Shanna rescues Ka-Zar and Zabu, then, surprisingly, suggest that they return to the red Wizard’s lair and become willing sacrifices. They return to the castle and Ka-Zar beup Maa-Gor. At the last minute, they tip over the “flame bowl” they are to leap into, destroying the sacrificial chamber. Shanna finds and damages some hidden controls and a robot pterodactyl crashes to the ground. She explains to Malgato she was clued in that not all was as it seemed when the triceratops, an herbivore, ate a horse. Malgato cops that his whole plan was a power-grab to get Ka-Zar out of the way so that he could rule the Savage Land. The legend was real, but he took advantage of it and manipulated the Fall People.
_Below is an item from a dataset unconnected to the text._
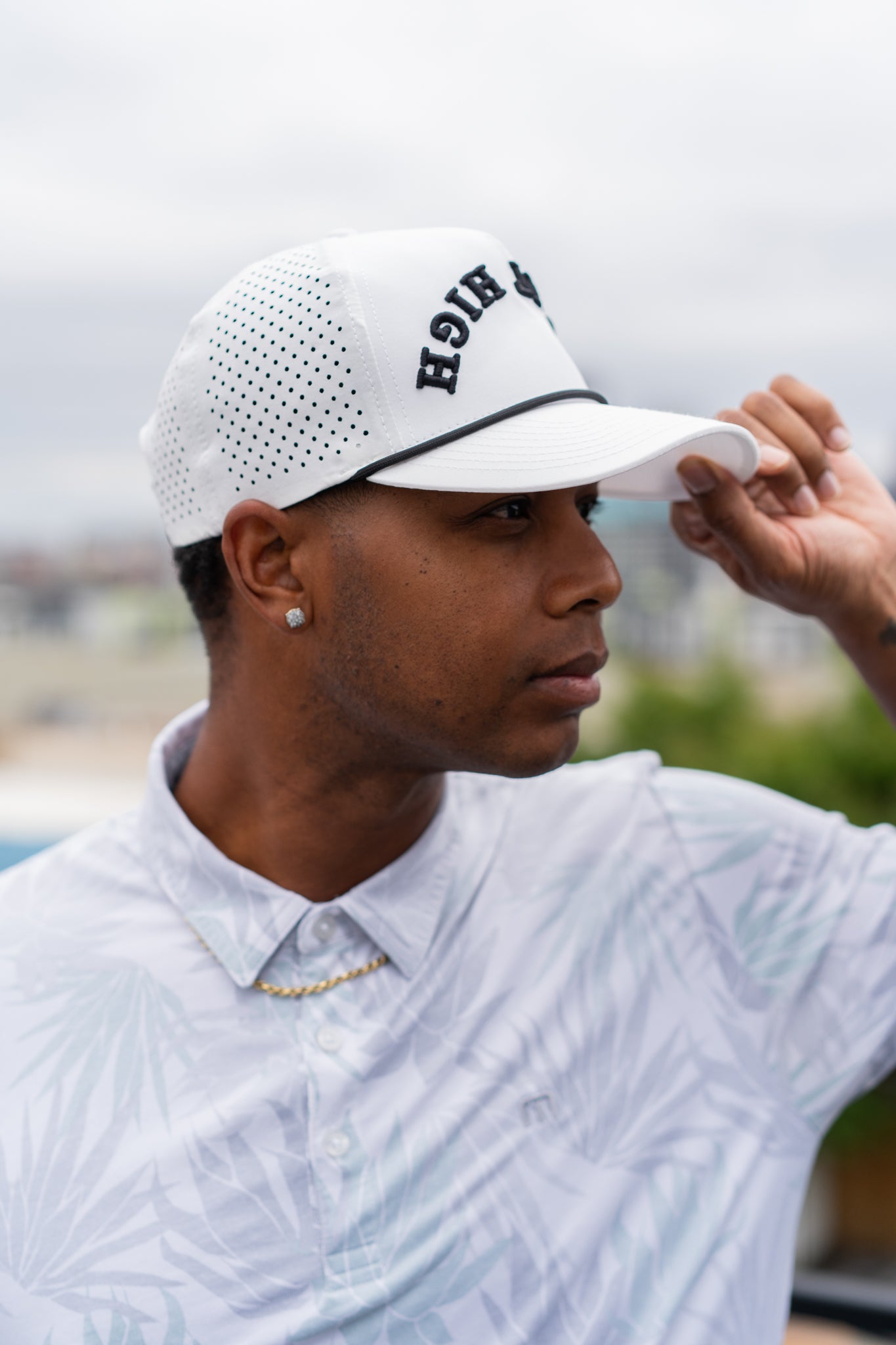 Tee It High - Rope Hat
He escapes, but leaves behind his red robes and a face mask. Who was the Red Wizard really?

Back in the village, the Fall People resolve to use only non-human sacrifices going forward. Ka-Zar invites Shanna to stay, but she still needs to find her missing father.

Shanna next appears on the last page of Daredevil #109, in which the Black Widow has already been defeated by Nekra and placed under the control of the Mandrill. From there, the action moves to Marvel Two-in-One #3, in which Daredevil teams up with the Thing to defeat the Mandrill and Nekra’s organization, Black Spectre, which has recently tried to kill NYC DA Foggy Nelson. By this time, Shanna has already learned that her father is dead. After she returned to Africa from the Savage Land, Patrick McShane delivered a telegram that her father’s body had been found in Capetown. His will stipulated that his diamond mine goes to Hensley Fargas (the Mandrill) who is using it to finance Black Spectre, but she needs proof.

Daredevil and the Thing track Nekra to Mandrill’s aircraft HQ (looks like a dirigible but it’s jet-powered). With the Black Widow under Mandrill’s control, she brings about DD and Thing’s defeat. The Mandrill puts them in the Fantasticar and sets it to crash, but the rushing air revives them and they fly off back into Daredevil, issue #110.

Whew! I thought I was going to be able to knock Shanna’s Daredevil appearances off in a single entry, but this is already getting too long. I’ll finish them off tomorrow.

....Nekra’s organization, Black Spectre, which has recently tried to kill NYC DA Foggy Nelson. 

Does the story (and the Daredevil run) really refer to Foggy as District Attorney of New York City? 

As anyone who has watched Law & Order probably knows, NYC is made up of five different counties,* each of which has its own District Attorney.

*  New York County (Manhattan), Kings County (Brooklyn), Bronx County (the Bronx), Richmond County (Staten Island) and Queens County (Queens). They are often referred to as boroughs but they are actually counties. 

"Does the story (and the Daredevil run) really refer to Foggy as District Attorney of New York City?"

Now that you raise the question, I'm not certain. It may be for Manhattan, but in any case, it's not just this story. Foggy served as DA for... I don't know... a long time. After that, the job went to Blake Tower who served for a long time as well. Thanks for setting the record straight.